Commenting mostly because when I did this I thought I was doing something very silly, and I'm glad I'm not completely crazy.

I'd love to hear more about your TUI testing with tmux approach.
Having to separately download ffmpeg in the windows distribution does not really make sense

Just bundle it

I don't find trimming videos with ffmpeg particularly difficult, is just-ss xx -to xx -c copy basically. Sure, you need to get those time stamps using a media player, but you probably already have one so that isn't really an issue.

What I've found to be trickier is dividing a video into multiple clips, where one clip can start at the end of another, but not necessarily.

Could have really used this a couple days ago. I had to record a video an assignment, but due to lack of global hotkeys on OBS with wayland, I had to start and stop the video on the OBS GUI. I tried to figure out ffmpeg but I was too tired and it was getting close to the deadline so I spent some time learning how to to do it with kdenlive.
Invoking ffmpeg, gzip and tar commands is a sort of reverse Turing test for LLMs
What's weird is that I have problems getting the ffmpeg switches right, even if I get llm assistance.

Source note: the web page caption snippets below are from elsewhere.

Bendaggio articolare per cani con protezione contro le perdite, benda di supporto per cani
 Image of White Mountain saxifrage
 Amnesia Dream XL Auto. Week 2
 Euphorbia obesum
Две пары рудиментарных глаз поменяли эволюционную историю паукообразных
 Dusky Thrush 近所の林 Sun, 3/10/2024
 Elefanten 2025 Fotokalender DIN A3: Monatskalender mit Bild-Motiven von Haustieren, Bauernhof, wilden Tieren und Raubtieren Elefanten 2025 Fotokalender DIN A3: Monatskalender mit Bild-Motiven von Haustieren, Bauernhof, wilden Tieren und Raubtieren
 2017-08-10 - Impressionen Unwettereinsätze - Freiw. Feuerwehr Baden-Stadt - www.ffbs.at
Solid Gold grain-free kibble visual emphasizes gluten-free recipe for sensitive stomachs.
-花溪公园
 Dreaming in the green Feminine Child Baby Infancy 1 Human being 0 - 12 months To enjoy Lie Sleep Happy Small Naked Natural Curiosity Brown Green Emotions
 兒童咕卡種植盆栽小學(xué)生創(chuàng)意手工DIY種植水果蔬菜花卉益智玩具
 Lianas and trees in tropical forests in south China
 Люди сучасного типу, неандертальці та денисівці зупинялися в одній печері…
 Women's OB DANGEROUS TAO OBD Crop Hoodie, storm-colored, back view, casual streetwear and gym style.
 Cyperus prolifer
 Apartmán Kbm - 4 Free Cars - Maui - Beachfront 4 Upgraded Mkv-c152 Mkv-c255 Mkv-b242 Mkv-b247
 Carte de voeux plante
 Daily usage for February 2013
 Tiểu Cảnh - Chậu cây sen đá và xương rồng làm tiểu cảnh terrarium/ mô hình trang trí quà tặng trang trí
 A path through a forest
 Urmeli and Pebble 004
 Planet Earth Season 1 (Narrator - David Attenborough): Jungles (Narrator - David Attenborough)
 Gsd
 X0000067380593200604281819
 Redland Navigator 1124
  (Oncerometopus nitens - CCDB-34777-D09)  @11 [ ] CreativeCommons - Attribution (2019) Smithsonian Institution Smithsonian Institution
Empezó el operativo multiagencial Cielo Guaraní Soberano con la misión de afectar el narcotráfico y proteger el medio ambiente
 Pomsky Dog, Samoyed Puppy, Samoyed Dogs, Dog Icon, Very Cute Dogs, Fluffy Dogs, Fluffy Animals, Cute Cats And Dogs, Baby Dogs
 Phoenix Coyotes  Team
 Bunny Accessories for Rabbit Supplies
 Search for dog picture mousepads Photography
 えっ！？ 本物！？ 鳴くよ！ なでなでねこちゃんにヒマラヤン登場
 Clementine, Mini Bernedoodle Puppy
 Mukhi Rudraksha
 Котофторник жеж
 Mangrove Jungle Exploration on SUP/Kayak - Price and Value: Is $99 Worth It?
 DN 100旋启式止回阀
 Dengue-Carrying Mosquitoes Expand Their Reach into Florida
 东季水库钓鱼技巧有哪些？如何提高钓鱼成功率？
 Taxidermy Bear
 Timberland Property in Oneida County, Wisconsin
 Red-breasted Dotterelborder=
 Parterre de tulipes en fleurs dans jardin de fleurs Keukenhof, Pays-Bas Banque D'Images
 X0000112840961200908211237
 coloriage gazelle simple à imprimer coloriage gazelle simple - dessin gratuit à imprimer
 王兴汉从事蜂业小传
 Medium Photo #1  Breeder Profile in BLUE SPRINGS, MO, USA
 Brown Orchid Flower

I think I understand the switches, and are demonstrably shown I have no clue.

These days, I'm basically relegated in following pre-LLM blogs and SO in hoping I find the right combination.

If you dont like leaving your main video player, IINA on mac is scriptable, so I just use shortcut keys to send start/end indicators to a script which runs ffmpeg on the timestamps.

Im sure other video players like VLC support this, but I found VLC's apis very lacking.

It's interesting how terminal apps are increasing in popularity after decades of desktop and web apps. I wonder if it's the talk to the chat AI that's making people more used to asking a prompt screen or if it's the simplicity and lack of bloat.
Love it! I had this idea before but never took the time to implement it. You did it, thank you.